Empreinte écologique : piste perdue !

26.10.2022 |

L’Office fédéral de l’environnement (OFEV) vient de publier un communiqué avec le titre « Pistes pour réduire davantage l’impact environnemental de la Suisse ». Ce texte présente une étude intitulée « Empreintes environnementales de la Suisse : Evolution de 2000 à 2018 ». La version allemande est longue d’une centaine de pages et comprend un résumé en français (7 p.) et en anglais.

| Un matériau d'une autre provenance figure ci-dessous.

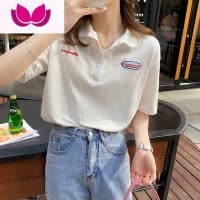 七斓polo领短袖t恤女夏2023年新款宽松设计感小众白色上衣体恤
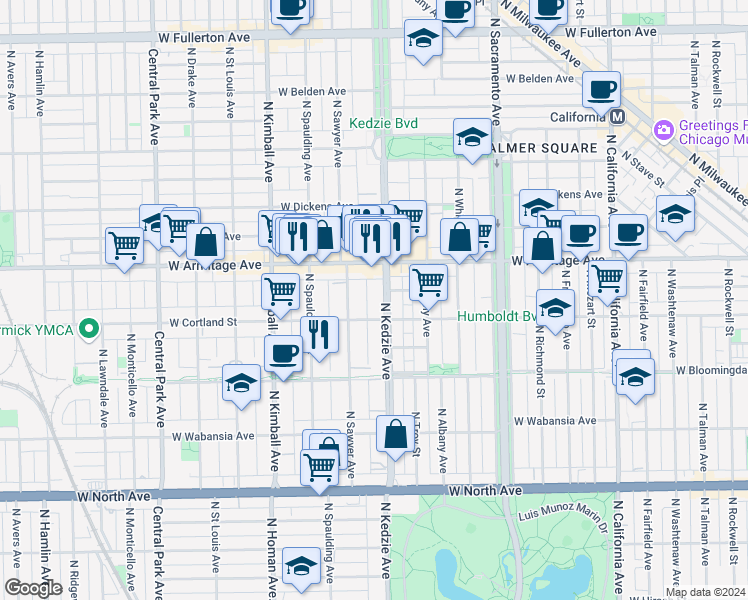 map of restaurants, bars, coffee shops, grocery stores, and more near 1915 North Sawyer Avenue in Chicago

L’administration suisse s’intéresse depuis longtemps à la notion d’empreinte écologique. L’Office fédéral de la statistique (OFS) a soutenu les travaux internationaux du Global Footprint Network de Wackernagel au milieu des années 2000 et a récemment mis ces données à jour comme l’indique le site Internet de l’OFS

L’OFS a d’ailleurs lui-même calculé l’empreinte carbone de la Suisse, calcul que j’ai commenté il y a un peu plus d’une année. L’idée de base est de calculer la surface forestière qui serait nécessaire pour compenser nos émissions de CO2, le point crucial étant de pouvoir estimer le contenu en CO2 de nos importations.

L’OFEV a suivi une voie différente en cherchant à construire des indicateurs universels permettant de mesurer l’impact sur l’environnement de multiples phénomènes, sans se limiter à un équivalent surface. Pour cela, il a choisi la piste des bilans écologiques et a soutenu depuis une quinzaine d’années les travaux de Frischknecht et de son associé Nathani. Le site de l’OFS signale une quarantaine de publications avec cette signature. La dernière publication est en fait une mise à jour d’un rapport plus complet publié par les mêmes auteurs en 2018.

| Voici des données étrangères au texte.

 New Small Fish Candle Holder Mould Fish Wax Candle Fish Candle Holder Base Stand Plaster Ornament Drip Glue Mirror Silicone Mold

La méthode utilisée n’a plus rien à voir avec la notion de surface et le calcul d’un indicateur chiffré repose sur une pondération sur la base des objectifs politiques. Donc si nos critères deviennent plus sévères, l’impact devient aussi plus négatif. Pour aller plus loin dans cette analyse, il faudrait également une centaine de pages et je me concentrerai ici sur les principaux résultats.

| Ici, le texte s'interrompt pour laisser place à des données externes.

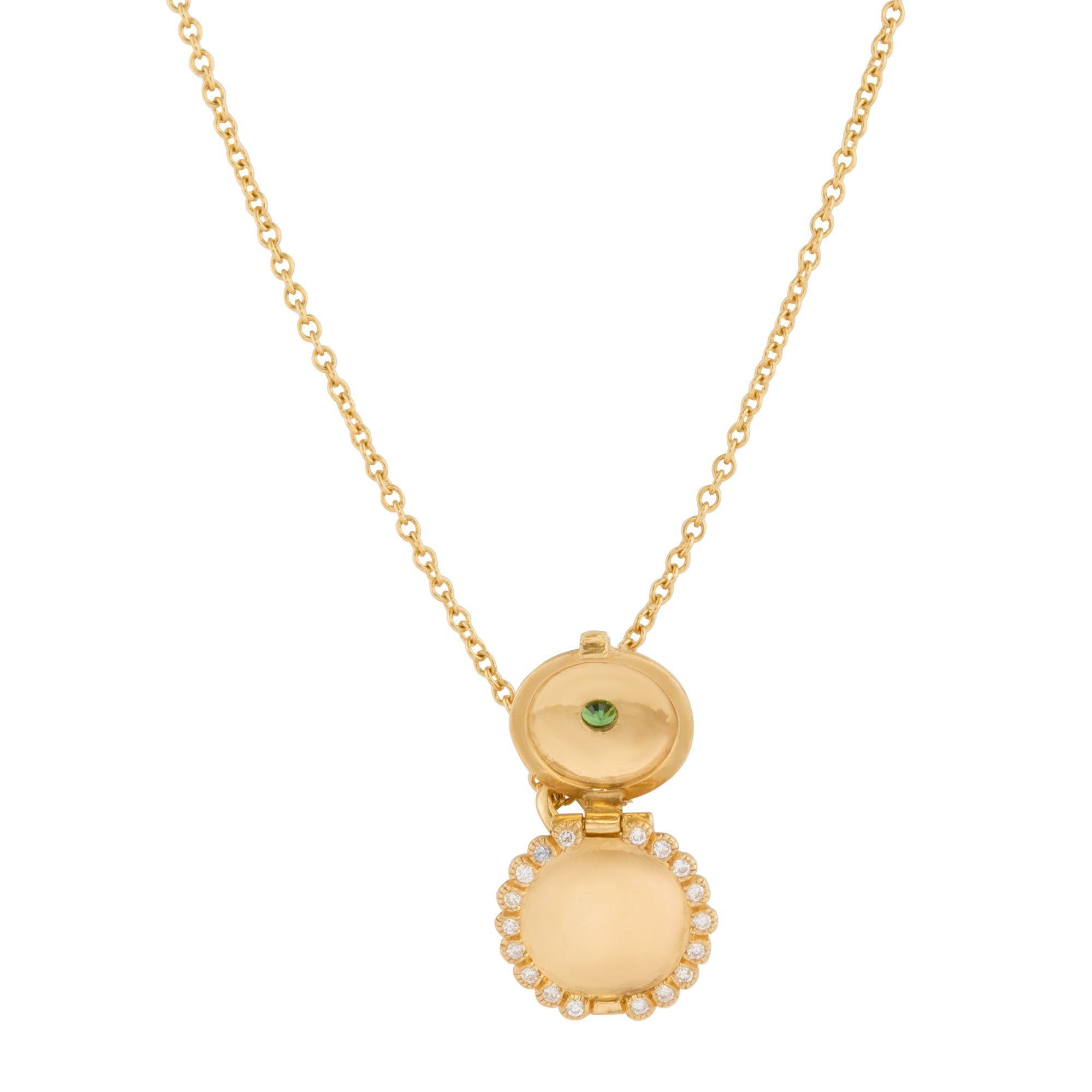 Emerald Mini Locket Necklace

Le principal résultat de cette étude est que l’empreinte environnementale selon la mesure de l’unité de charge écologique retenue par l’OFEV a reculé de 26% entre 2000 et 2018. Par contre, la diminution a surtout été sensible en Suisse. La part attribuable à nos importations est, elle, passée de 61 à 68%. L’évolution est plus négative en ce qui concerne notre empreinte en matière de biodiversité qui, globalement, augmente de 8%, surtout en raison de nos importations, dont le poids passe de 58 à 70%. Ces résultats sont un peu plus négatifs que ceux calculés précédemment, ce qui n’est pas étonnant puisque nous avons choisi des objectifs plus ambitieux en matière d’environnement.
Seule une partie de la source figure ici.